== Data to use ==
==================================================

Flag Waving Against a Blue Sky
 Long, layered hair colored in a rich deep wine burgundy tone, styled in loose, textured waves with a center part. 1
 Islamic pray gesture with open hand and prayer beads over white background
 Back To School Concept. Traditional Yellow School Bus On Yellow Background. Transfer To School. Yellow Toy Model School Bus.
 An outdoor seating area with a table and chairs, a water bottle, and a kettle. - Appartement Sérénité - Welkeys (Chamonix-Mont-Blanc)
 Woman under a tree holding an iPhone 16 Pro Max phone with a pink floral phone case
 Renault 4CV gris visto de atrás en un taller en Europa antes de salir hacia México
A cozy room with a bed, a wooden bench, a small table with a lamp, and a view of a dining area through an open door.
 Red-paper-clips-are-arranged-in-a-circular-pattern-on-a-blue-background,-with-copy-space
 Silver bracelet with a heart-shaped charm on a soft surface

==================================================

== To do ==
Write out the material above exactly, please, from its first line up to and including the line where "Back To School" appears, and stop there.

== Reply to the task ==
Flag Waving Against a Blue Sky
 Long, layered hair colored in a rich deep wine burgundy tone, styled in loose, textured waves with a center part. 1
 Islamic pray gesture with open hand and prayer beads over white background
 Back To School Concept. Traditional Yellow School Bus On Yellow Background. Transfer To School. Yellow Toy Model School Bus.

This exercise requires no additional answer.